Re: Linked Data, Blank Nodes and Graph Names

Hi Nathan,

On Thu, 2011-04-07 at 18:45 +0100, Nathan wrote: 
> Hi All,
> 
> To cut a long story short, blank nodes are a bit of a PITA to work with, 
> they make data management more complex, new comers don't "get" them 
> (lest presented as anonymous objects), and they make graph operations 
> much more complex than they need be, because although a graph is a set 
> of triples, you can't (easily) do basic set operations on non-ground 
> graphs, which ultimately filters down to making things such as graph 
> diff, signing, equality testing, checking if one graph is a super/sub 
> set of another very difficult. Safe to say then, on one side of things 
> Linked Data / RDF would be a whole lot simpler without those blank nodes.
> 
> It's probably worth asking then, in a Linked Data + RDF environment:
> 
> - would you be happy to give up blank nodes?

Happy, no.

>From the point of view of data modelling and management I could live
without them, though I do find them helpful.

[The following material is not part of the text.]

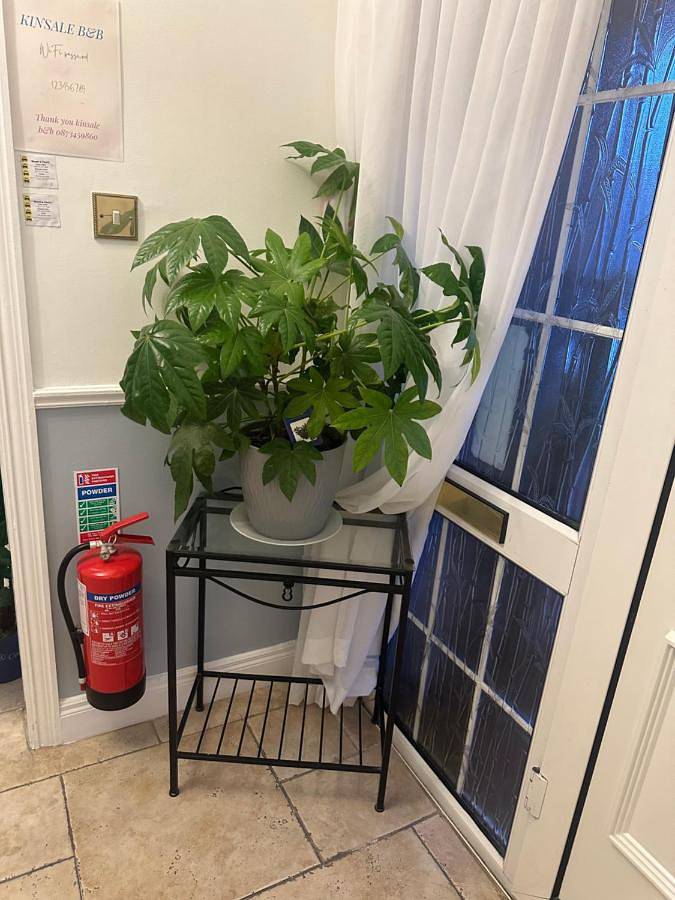 Chambre d’hôte pour 4 personnes, avec vue à Kinsale - 2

>From the point of view of managing legacy, and having to maintain tool
chains that do that, then "no". Maybe if they had never existed that
might have been better but the cost of putting the genie back in the
bottle is too great. Just imagine, for example, the cost re-specifying
OWL so it could be encoded in an RDF-without-blank nodes and that's just
one example.

> - just the [] syntax?

? What's the syntax got to do with it?

> - do you always have a "name" for your graphs? (for instance when 
> published on the web, the URL you GET, and when in a store, the ?G of 
> the quad?

Nope.

> I'm asking because there are multiple things that could be done:
> 
> 1) change nothing

+1

> 2) remove blank nodes from RDF

-1

> 3) create a subset of RDF which doesn't have blank nodes and only deals 
> with ground graphs

-1

That's may be the worst of both worlds. Then you would have tools which
only deal with "ground" RDF and tools that support and use blank nodes.
The simpler tools wouldn't even be able to parse large tracts of
existing data including the normative encoding of OWL. I don't see such
fragmentation as healthy.

> 4) create a subset of RDF which does have a way of differentiating blank 
> nodes from URI-References, where each blank node is named persistently 
> as something like ( graph-name , _:b1 ), which would allow the subset to 
> be effectively "ground" so that all the benefits of stable names and set 
> operations are maintained for data management, but where also it can be 
> converted (one way) to full RDF by removing those persistent names.

How that does that solve anything?

Assuming the semantics is retained then to do any graph comparisons or
deltas you will still need to do the equivalent of graph isomorphism its
just that now you are matching nodes with an external arbitrary label
instead of ones which just have an internal arbitrary label. Doesn't
change *any* of the problems you list, even complicates things by having
one more concept to explain to people.

The one thing this approach would facilitate is essentially round
tripping back to the same graph in the same store. If you get a query
result containing leaf nodes you would then be guaranteed to be able to
ask for more about those leaves. I can see benefit in that and it would
be make to coexist with the current RDF but it doesn't touch the other
problems.

Dave

Received on Thursday, 7 April 2011 21:29:55 UTC